Categories

I want to have the ink on a photo clump together, leading to a black and white image. This is a sort of flow, so my first thought is to take a look at the advection-diffusion equation. Let’s say that the ink distribution across an image is $k$, the diffusion factor is $D$, and the flow field is $\mathbf {v}$:

$\frac{\partial k}{\partial t}=\mathbf {\nabla } \cdot (D\mathbf {\nabla } k)-\mathbf {\nabla } \cdot (\mathbf {v} k)$

My general idea is that I want the ink to flow toward larger concentrations of ink, unless a pixel is totally black (k=1). Also, I want the ink at each pixel to stay in the range of (0<k<=1). These constraints are tricky to use (quickly unstable!) on a cartesian grid with forward Euler timestepping, so I’ll make some approximations. The analytic result of the advection is easy to use, so I will, but I’ll use image blurring instead of diffusion.

The general idea is as follows. Make a velocity field so that the ink heads towards more ink. Once a pixel is full of ink (k>1), make its speed zero. Similarly, if a pixel has gone negative, make the speed zero as well. Advect the ink, and then soften the edges with a little diffusion. After that, we deal with regions that have (k<0) or (k>1). Diffuse this excess ink with a large length scale, and step forward in time. Or, in algorithm form, one timestep is:

1. Generate a velocity field for the flow
• Blur the ink field with a scale of $r_{clump}$
• Extract the direction field, $\theta$ from the gradient of the blurred field.
• Use the direction field as the velocity field with baseline speed 1, and with speed zero where (k<0) or (k>1)
2. Advect the ink with that velocity field.
3. Slightly blur the full ink field, with length scale $r_{blur}$
4. Strongly blur any regions that are over/negatively inked, using length scale $r_{excess}$. That is, the bad amounts of ink where there is too much (k>1) or negative (k<0) ink.

Or, more programmatically:

1. $\theta = orientation(blur(k),r_{clump})$
1. $u = \cos(\theta)*(k>0)*(k<1), \, v=\sin(\theta)*(k>0)*(k<1)$
2. $k_2 = k - \mathbf {\nabla } \cdot (\mathbf {v} k) *dt$
3. $k_3 = \text{blur}(k_2,r_{blur})$
4. $k_{next} = k_3 - k_3*(k_3<0) + \text{blur}(k_3*(k_3<0),r_{excess}) - (k_3-1)*(k_3>1) + \text{blur}((k_3-1)*(k_3>1),r_{excess})$

How do the results look? Here’s an animation of ink-clumping, starting with a radial ramp:

It clumps successfully! Where the image was lighter, the final ink distribution has thinner tendrils, and thicker ones where it was darker. Good!

How about a fancier version? Here’s the same data, but with some bump mapping to make it look more like shiny black ink!

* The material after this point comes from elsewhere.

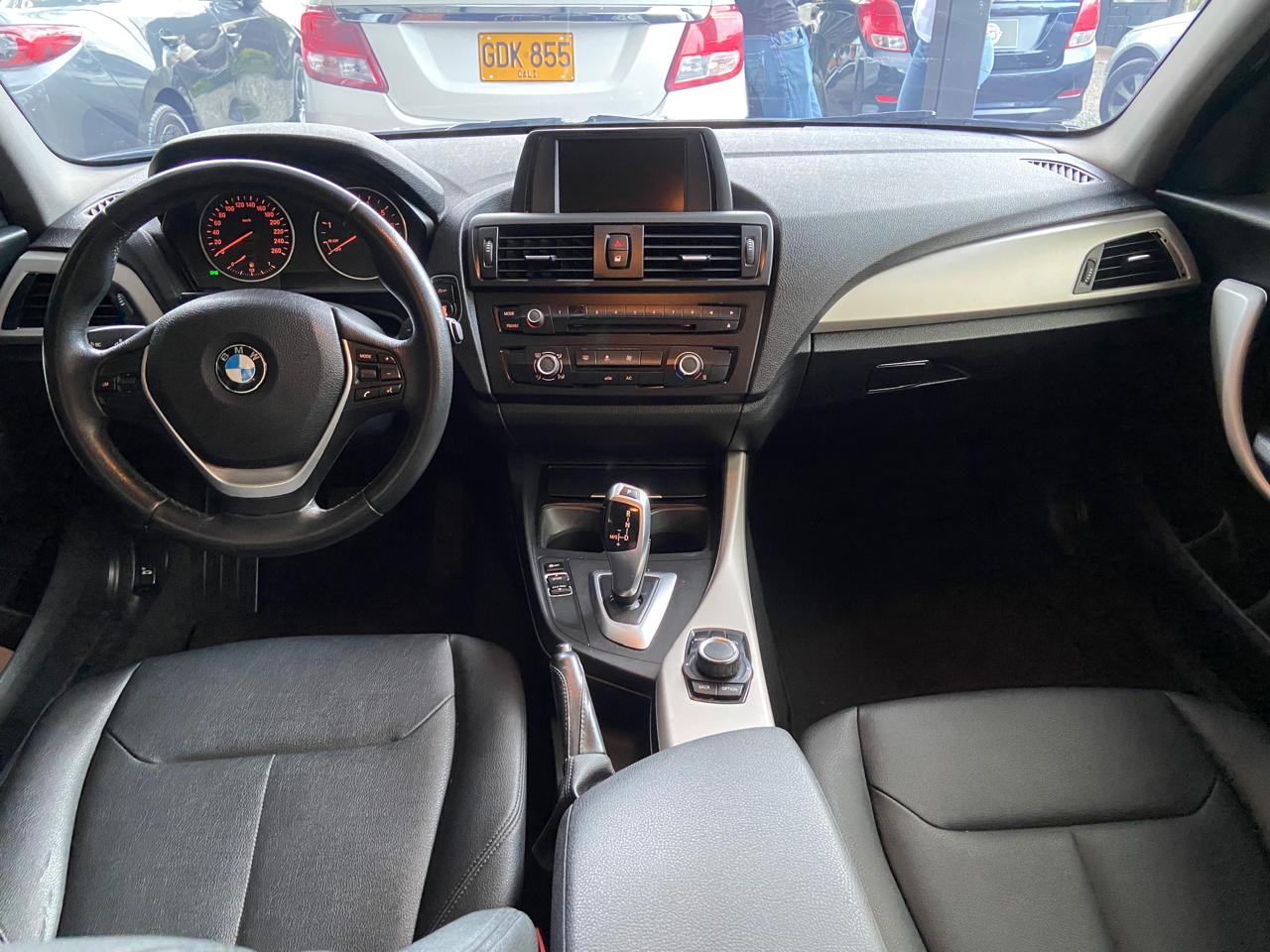 BMW 116I F20 STANDARD TP 1600CC T 5P 2014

Pretty! But what are the effects of the three different blur radii? The most important is $r_{clump}$. This defines the scale at which the ink is drawn together. Large values mean large blobs of ink.

Next, $r_{blur}$ defines how sharp the output is. Too small, and the edges are pointy. Too big, and it looks fuzzy.

Finally, $r_{excess}$ ensures that the regions that have too much or too little ink shed that excess. If this is too small, the excess values pile up, resulting in an inaccurate output. If it’s quite big, it blurs the image very slightly.

By clumping each color channel separately, this works just fine for color images, too!

And some more examples in B&W to show the structures:

In uniform regions, it makes blobby patterns that look like noise, and on smooth gradients, it makes nice branching patterns. I like it!